Monday, January 19, 2015

Budapest Festival Orchestra – Ivan Fischer, conductor; Anna Lucia Richter, soprano; Isabelle Faust, violin. January 18, 2015.

Avery Fisher Hall at Lincoln Center.  Orchestra (Seat T12, $65.)

Three Songs (arr. Sandor Balogh) by Fanny Mendelssohn (1805-1847).
Violin Concerto in E minor (1844) by Felix Mendelssohn (1809-1847).
Symphony No. 3 in F major (1883) by Brahms.

I knew that Fanny Mendelssohn was a great musician, but didn’t know (or forgot) that she was also a prolific conductor.  As it was deemed unseemly for a woman in then bourgeois Germany society (this term from Playbill) to have a professional career, much of her work was unpublished, and the first publications were under Felix’s name.  This also explains why there was no date associated with these songs.  It was only when the dates were put right next to each other that I realized Fanny and Felix died in the same year.

Ivan Fischer explained he picked Fanny Mendelssohn’s work to encourage women composers.  I would think a better message would be sent by programming works by women that are still living.  But who am I to argue with interesting programming?

The three songs are Die Mainacht (May Night), Ferne (Distance), and Gondellied (Song of the the Gondolier).  The lyrics are all in the “lovelorn” category, the music generally is sweet and pensive.  I do like songs like this (Tchaikovsky’s “None but the lonely heart” comes to mind), but probably need to give them a chance to grow on me.  The soloist Richter is young (a New York Times article put her at 24 as of October, 2014), and she sang quite clearly, albeit a tad unrefined.  I liked it.

This was also the first time I heard the German violinist Isabelle Faust.  Overall it was an enjoyable performance, a result of a competent performance.  The last time I heard this concerto was Gil Shaham with the New Jersey Symphony.  Shaham has this habit of moving around a lot while he performs; Faust was practically glued to the stage.  Other than some problems with the loud double stops at the end, she performed without a glitch.  However, it was a good performance, but not an inspired one.  She plays the “Sleeping Beauty” 1704 Stradivarius.  The instrument sounded surprisingly weak, although its clear tone would confirm it’s being a Strad.

Neither Anne nor I was familiar with the Brahm’s symphony, with the exception of the third movement.  I would agree with the Playbills description: “more than one commentator has described this work as ‘Olympian,’ a sobriquet that is not inapt …” I am not the only wishy-washy person out there.  In any case, it was an easy piece to enjoy on the first hearing, even though I didn’t get the “ascending three-note motif” that opens the symphony.  The orchestra sounded sloppy at times, but responded well to Fischer’s direction.

After a couple of curtain calls, Fischer said he would conclude with another composition by Fanny Mendelssohn.  When the orchestra members stood up, and Richter returned to the stage, I thought it was going to be an a cappella solo piece.  It turns out to be a choral piece, with all the orchestra musician doing the singing.  And they did it so well that I whispered to Anne: who needs the New York Choral Artists?

The New York Timesreview is quite positive.  The review calls Faust’s performance “reticent,” explained that it was Sandor Balogh that did the orchestration, and that the encore piece was “Morgengruss,” one of Fanny Mendelssohn’s six “Gartenlieder” (“Garden Songs”) for a cappella choir; all in all very educational.

Being a rainy Sunday, we couldn’t find off-street parking.  ICON still offered coupons that beat parking at the Lincoln Center garage.  On our way back we stopped by Jersey City to have dinner with Ellie, Kuau, and Reid.

New York Philharmonic – Alan Gilbert, conductor.

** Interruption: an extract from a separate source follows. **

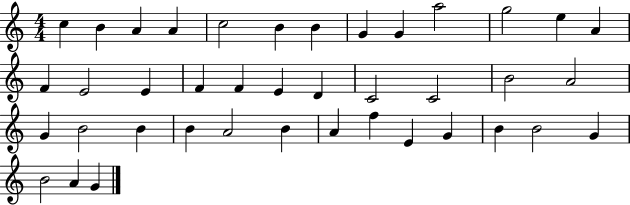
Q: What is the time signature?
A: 4/4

January 16, 2015.

New York Philharmonic – Alan Gilbert, conductor.  January 16, 2015.

Avery Fisher Hall at Lincoln Center, Orchestra 2 Left (Seat BB104, $67.00).

Requiem Mass (1873-1875) by Verdi (1813-1901).

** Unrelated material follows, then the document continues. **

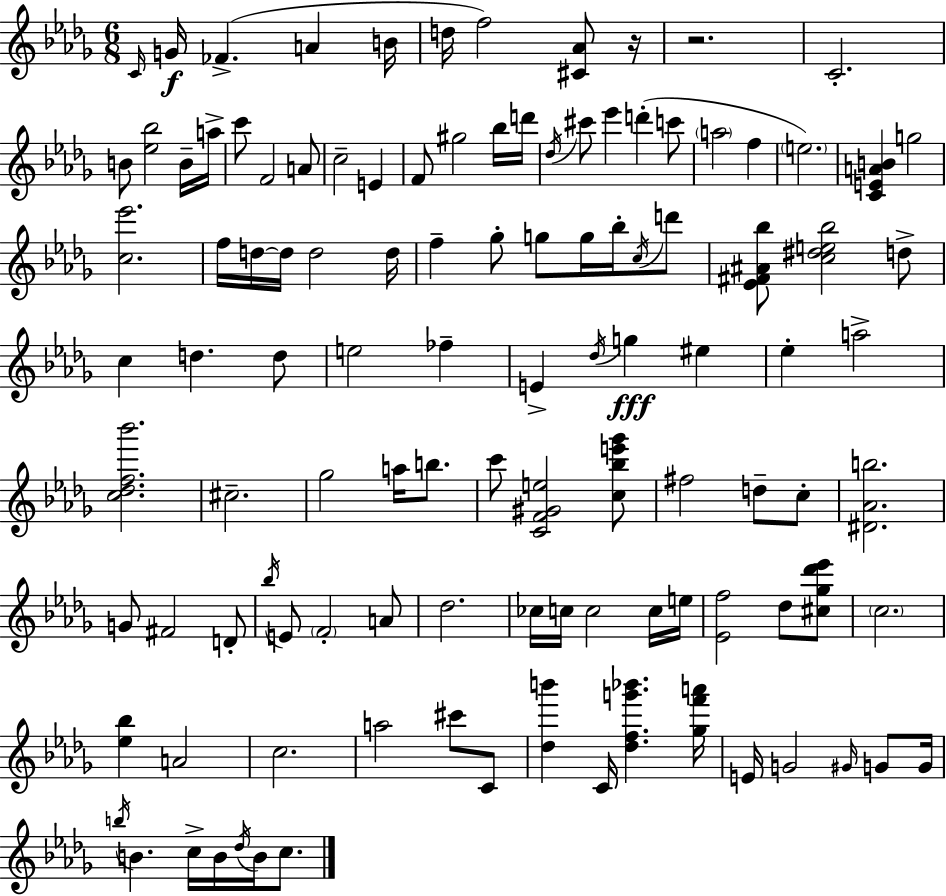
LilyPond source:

Angela Meade, soprano; Lilli Paasikivi, mezzo-soprano; Russell Thomas, tenor; Eric Owens, bass-baritone.
New York Choral Artists, Joseph Flummerfelt, director.

I am typing this on January 19, only 3 days after the concert itself, but need to be brief as I also wanted to finish up the review on a January 18 concert.

Another reason for the brevity of course was that we saw this concert last April with the New Jersey Symphony, conducted by Lacombe.  What I want to do here is mostly to contrast how I feel about the two concerts, for which I need to refer back to my blog on the NJ Symphony performance as my recollection of the specifics is vague.

Avery Fisher Hall is much bigger than State Theater, so the sounds were naturally quite different.  While State Theater felt more intimate, Avery Fisher’s size somehow conveyed more of the solemnity of the occasion; consequently the warmer sound in the State Theater was an interesting contrast to Avery Fisher.  I am okay with either “arrangement.”

The soloists all did well.  Both Angela Meade and Eric Owens are well-known figures from the opera stage.  Russell Thomas was a stand-in for the scheduled tenor, it turns out we heard him at the NJ Symphony performance.

I enjoyed the concert, even though it was on a solemn subject.  After giving it considerable thought, I decided not to declare a “winner” between the NY Philharmonic and NJ Symphony: they were both enjoyable in their own ways.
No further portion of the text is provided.